2. The mechanism according to claim 1 , further comprising a guiding stick fixed on said upper base or said lower base.
3. The mechanism according to claim 2 , wherein the number of said guiding stick is two.
4. The mechanism according to claim 2 , wherein said loading holder has a hole for disposing said guiding stick.
5. The mechanism according to claim 2 , further comprising an elastic member configured on said loading holder for providing a restoring force along basis axis of said guiding stick.
6. The mechanism according to claim 5 , wherein said elastic member is helical spring surrounded said guiding stick.
7. The mechanism according to claim 1 , wherein said yoke is U-shape yoke.
8. The mechanism according to claim 1 , wherein said magnet is permanent magnet.
9. The mechanism according to claim 1 , wherein said image sensor is CMOS image sensor.
10. The mechanism according to claim 1 , wherein said image sensor is CCD image sensor.
11. The mechanism according to claim 1 , wherein said lens module is lens module with blurring effect.
12. The mechanism according to claim 1 , wherein said lens module is lens module with filtering effect.
13. The mechanism according to claim 1 , wherein said image capturing device is single-lens reflex camera.
14. The mechanism according to claim 1 , wherein said image capturing device is compound-lens reflex camera.

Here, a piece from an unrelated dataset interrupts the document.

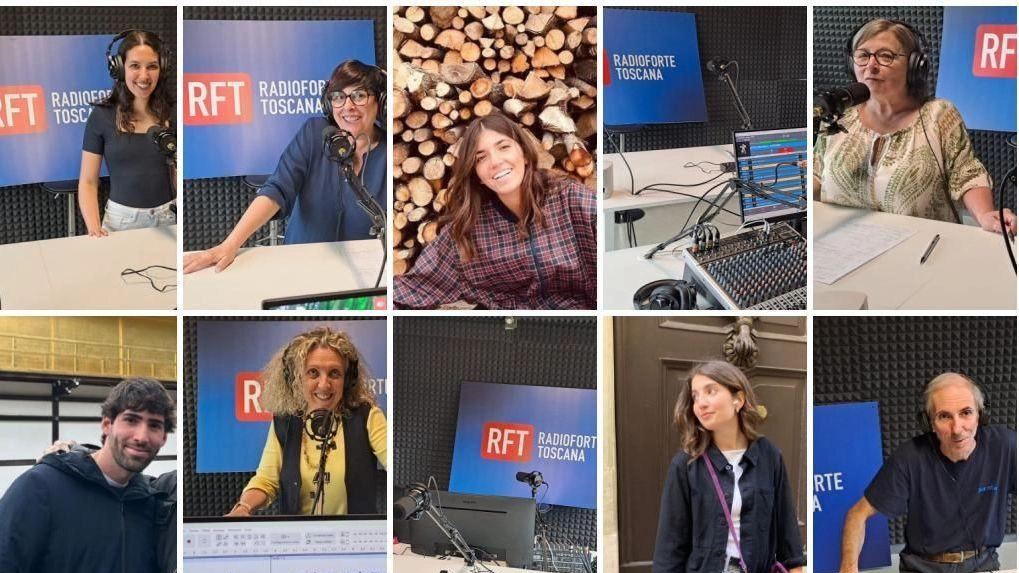 Il gruppo di partenza è formato dai giovanissimi e storici collaboratori Il gruppo di partenza è formato dai giovanissimi e storici collaboratori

15. An automatic focus mechanism of a camera, comprising:
an upper base;
an U-shape yoke fixed on said upper base;
a permanent magnet configured between said U-shape yoke and fixed on said upper base, between said U-shape yoke and said permanent magnet having a first magnetic field distribution formed therebetween;
a lower base;
guiding stick fixed on said upper base or said lower base;
a loading holder having a first hollow space for disposing said U-shape yoke and said permanent magnet, wherein said loading holder is utilized for loading a lens module and configured on said lower base;
a wire bobbin having a second hollow space for disposing said permanent magnet and having wires winded on said wire bobbin, wherein said wire bobbin is configured between said U-shape yoke and fixed on said loading holder; and
an image sensor configured under said loading holder and mounted in said lower base;
wherein a magnetic force created by an interaction between said first magnetic field distribution and a second magnetic field distribution formed by said wires with electrical current drives said lens module on said loading holder, thereby focusing an image on said image sensor.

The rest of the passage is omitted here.